> [TASK BRIEF] Transcribe every entry verbatim; omit pictures.

AVAILABLE DATA START

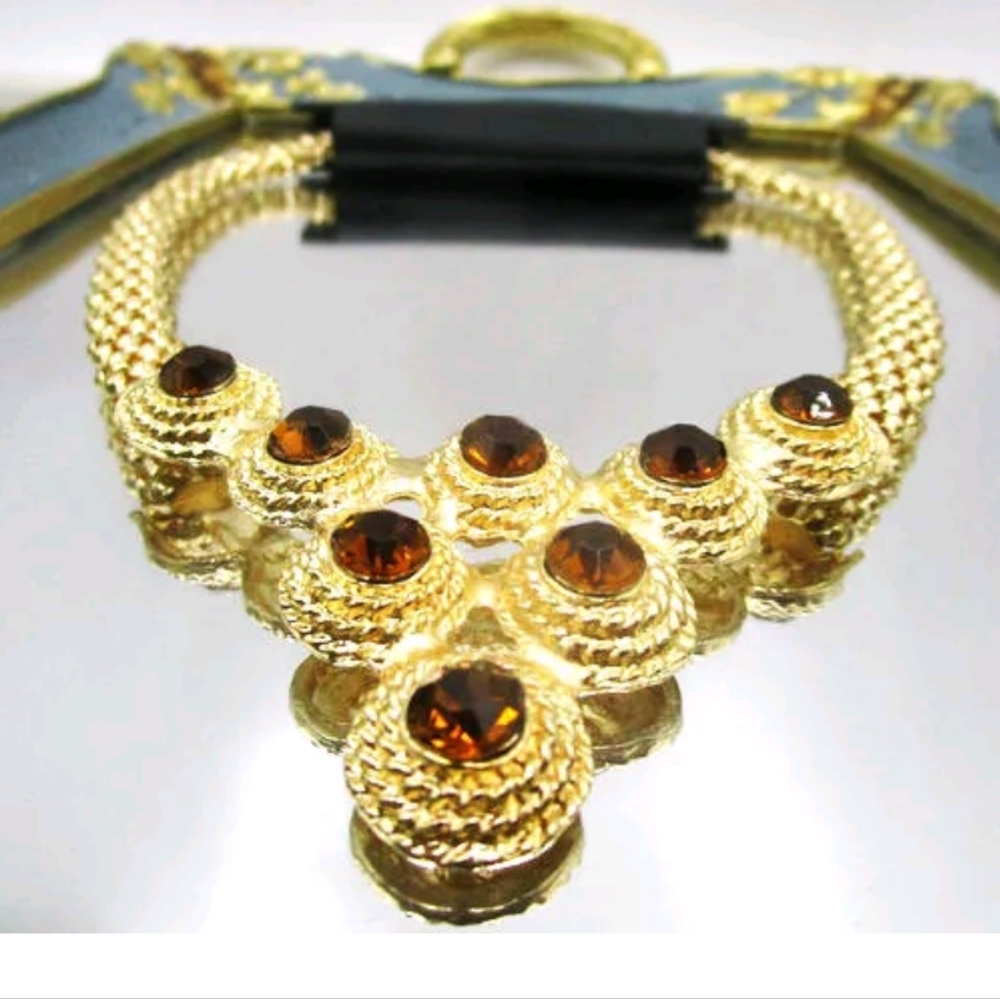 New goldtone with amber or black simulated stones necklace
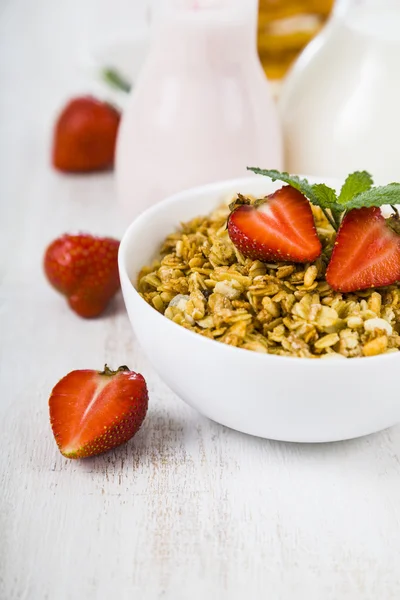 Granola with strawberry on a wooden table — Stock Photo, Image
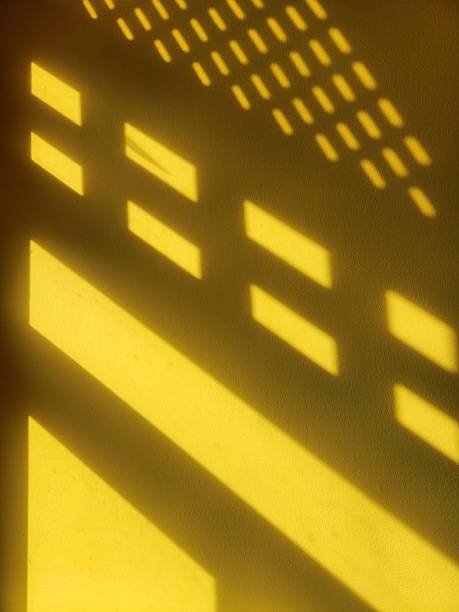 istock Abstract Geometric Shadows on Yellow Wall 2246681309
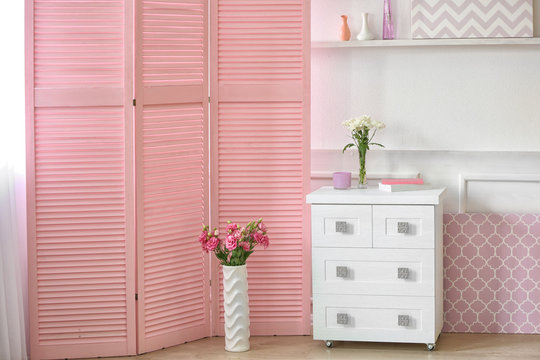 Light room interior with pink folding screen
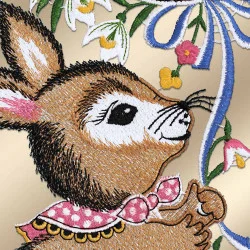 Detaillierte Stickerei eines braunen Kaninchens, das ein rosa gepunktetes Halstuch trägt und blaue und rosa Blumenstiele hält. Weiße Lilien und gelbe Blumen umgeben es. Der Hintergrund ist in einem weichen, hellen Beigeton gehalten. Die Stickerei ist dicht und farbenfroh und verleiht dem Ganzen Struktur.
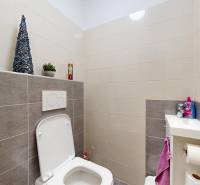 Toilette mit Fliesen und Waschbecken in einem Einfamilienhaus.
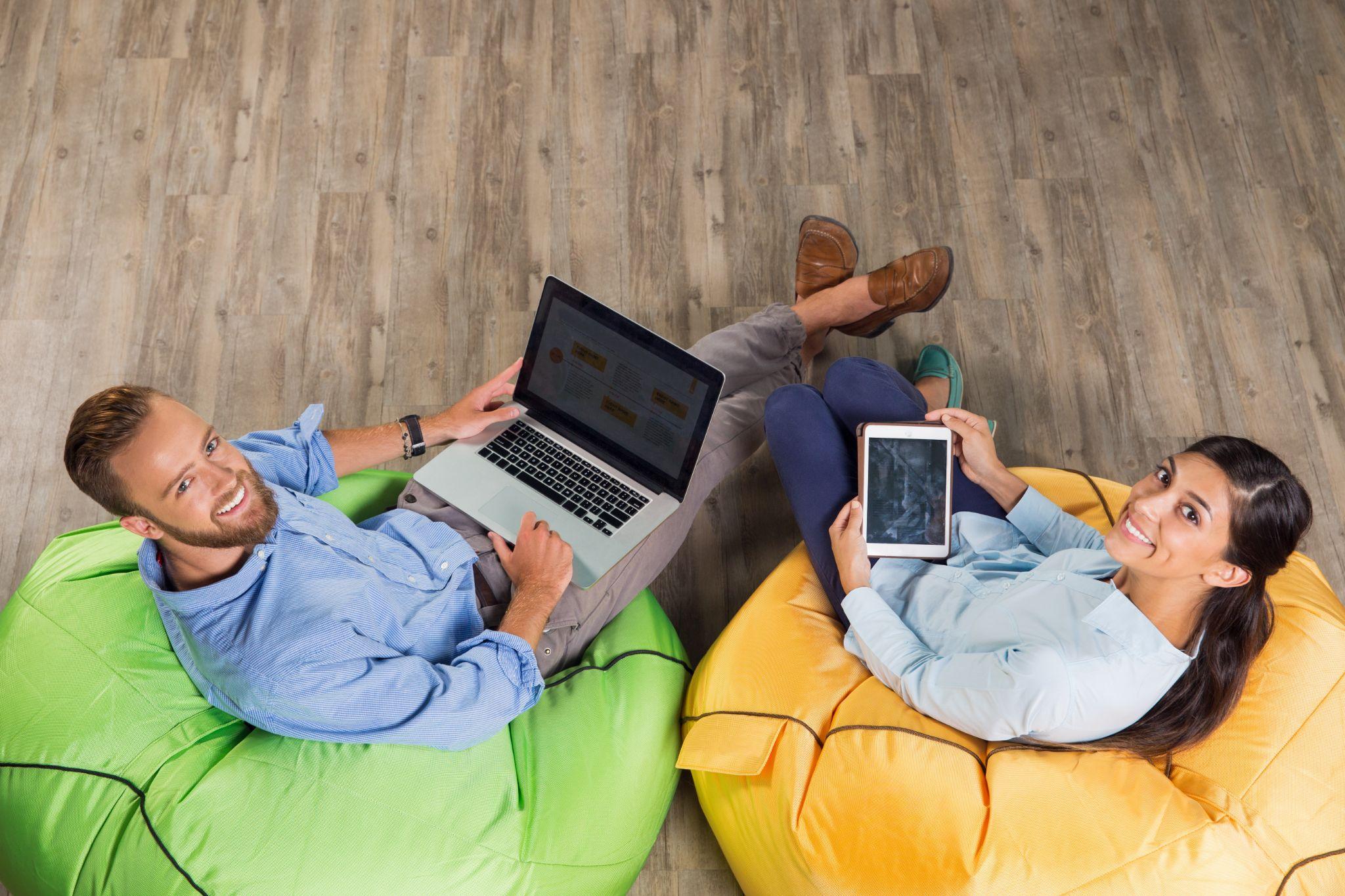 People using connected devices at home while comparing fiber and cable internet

AVAILABLE DATA END

> [WRITTEN ANSWER]
 New goldtone with amber or black simulated stones necklace
 Granola with strawberry on a wooden table — Stock Photo, Image
 istock Abstract Geometric Shadows on Yellow Wall 2246681309
 Light room interior with pink folding screen
 Detaillierte Stickerei eines braunen Kaninchens, das ein rosa gepunktetes Halstuch trägt und blaue und rosa Blumenstiele hält. Weiße Lilien und gelbe Blumen umgeben es. Der Hintergrund ist in einem weichen, hellen Beigeton gehalten. Die Stickerei ist dicht und farbenfroh und verleiht dem Ganzen Struktur.
 Toilette mit Fliesen und Waschbecken in einem Einfamilienhaus.
 People using connected devices at home while comparing fiber and cable internet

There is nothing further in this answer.